O tronco de Drummond

by - junho 12, 2008

Conheço uma pessoa que resolveu morar só. Juntou uma grana, comprou o apartamento e saiu da casa dos pais. Chegando na nova morada, encontrou no meio do seu processo de adaptação, um tronco de árvore à altura de sua janela. O tronco estava liso como sua árvore que, morta de aparência, era toda tronco e raiz que não se vê.

Também resolvi que ia morar só. Como não tinha grana suficiente, aluguei um apartamento e me mudei. O meu tronco é o Carlos Drummond de Andrade. O poeta está morto como o tronco, só se vê sua estátua à beira da praia, sentada num banco. Como o tronco, Drummond está cercado de vida. Como meu amigo, também fiz de Drummond meu parceiro de importantes reflexões, sentimentos e pensamentos inúteis.
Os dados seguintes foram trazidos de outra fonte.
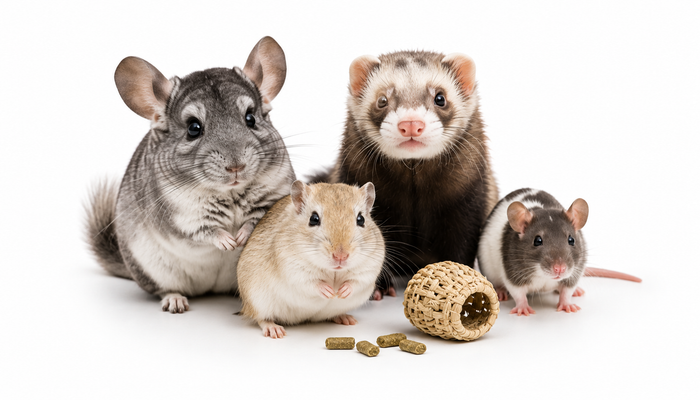 MORE SMALL PETS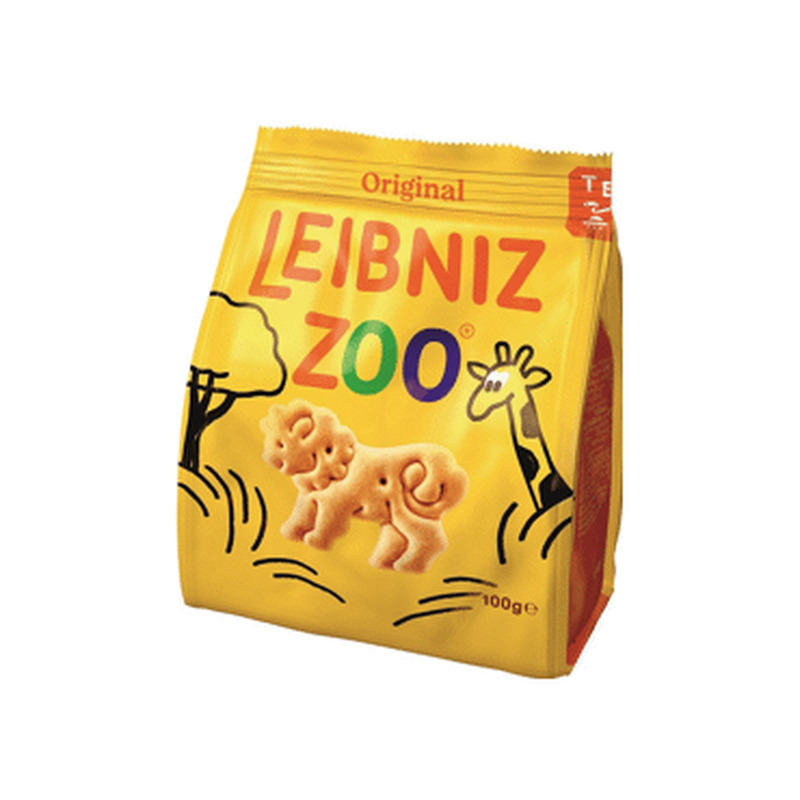 Küpsised piim.meega Zoo BAHLSEN 100g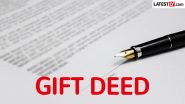 Latur Senior Citizens Tribunal Cancels Gift Deed, Restores Land to 89-Year-Old Woman; Here's Why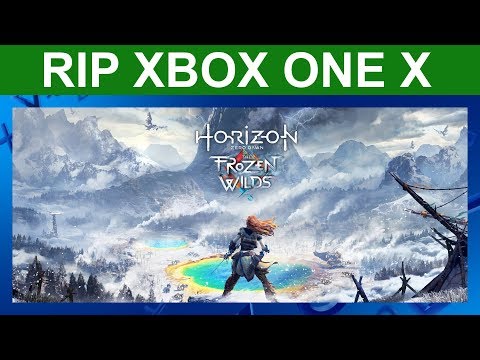 Horizon Zero Dawn: The Frozen Wilds will outsell the Xbox One X on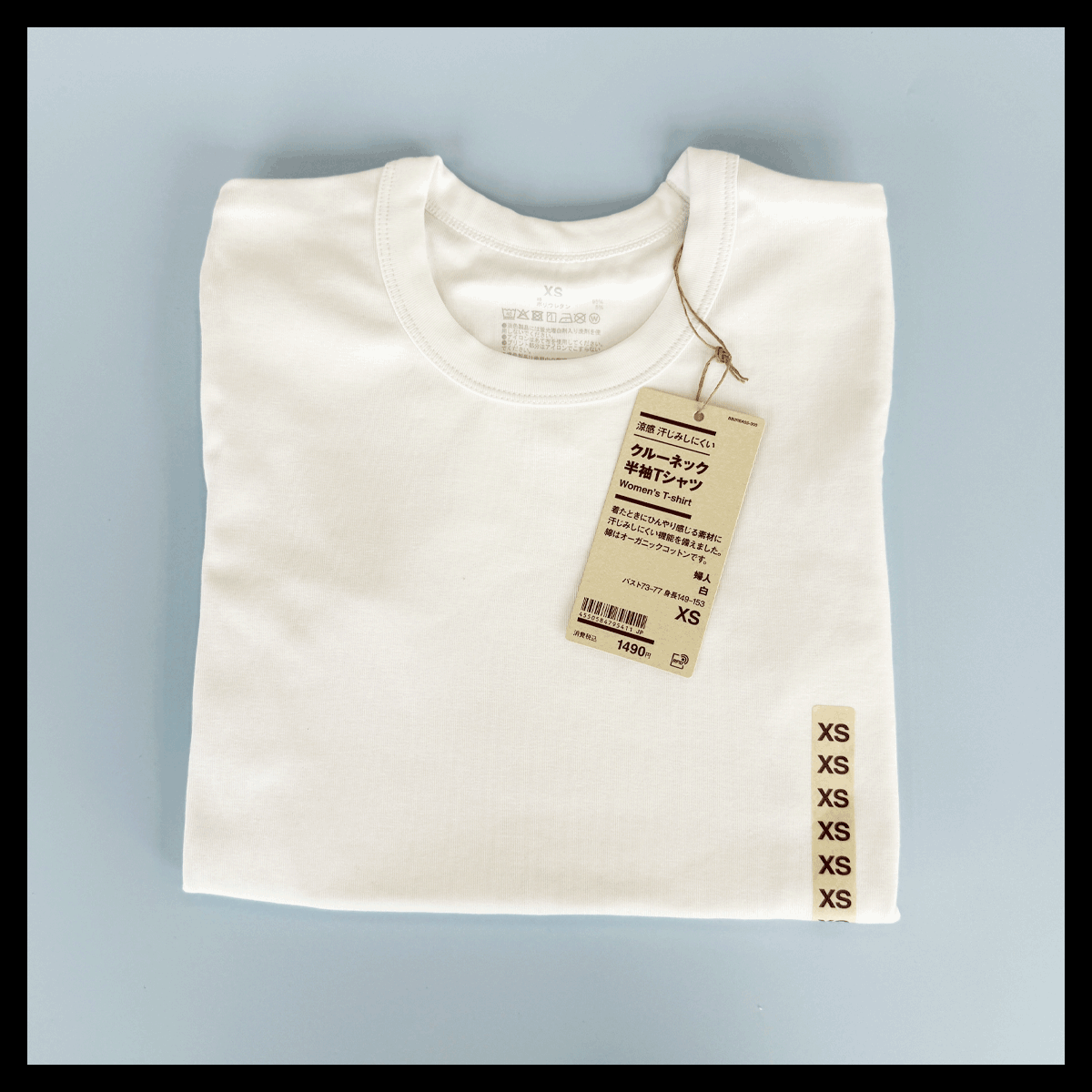 【無印良品編】 名品白Tシャツをエディターがレビュー！ 身長別ベストサイズを探せ。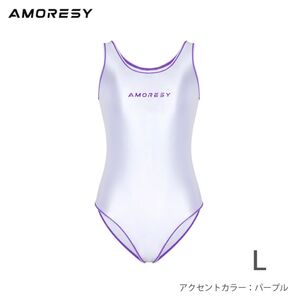 AMORESY アモレシーCosima 競泳水着 スク水 コスチューム レオタード ワンピーススイムスーツ グラビア ボディスーツ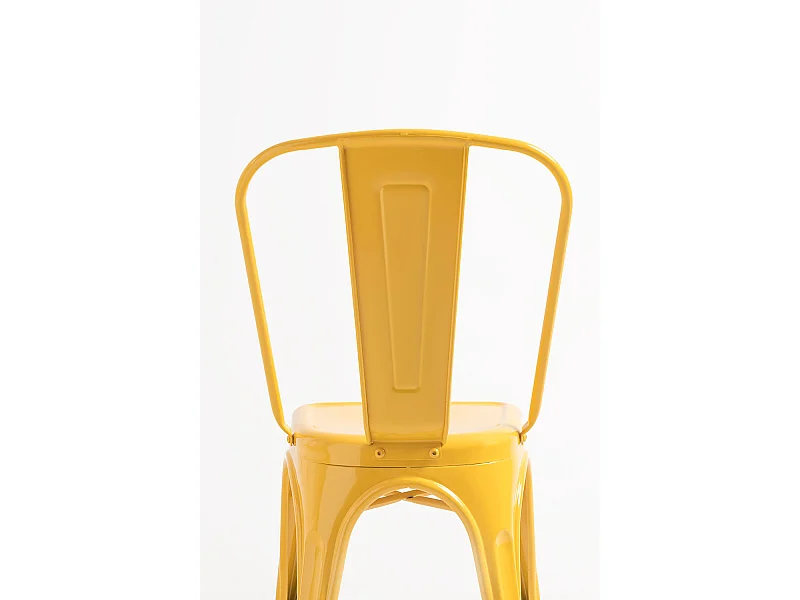 Packs Sillas Comedor - Pack 4 Sillas Torix - Amarillo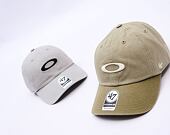 Kšiltovka Oakley - Remix Dad Hat - Boulder/Army Green/Mist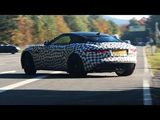 2015 Jaguar F-Type Coupe / Spy Video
A distância que separa Drummond do tronco é imensa: estamos em estados vizinhos de duas regiões do país. E enquanto converso com Drummond a distância, porque tenho vergonha de ir pertinho e falar com ele, percebo que Drummond está para todos à sua volta, como o tronco de meu amigo que abriga os passarinhos.

Enquanto meu amigo conversa escondido e convive com o tronco, vivo de Drummond. Em torno de toda essa história, uma coisa é certa: Drummond sente muita saudade do tronco. Eu sei, porque vejo no olhar dele a distância de quem espera e lembra.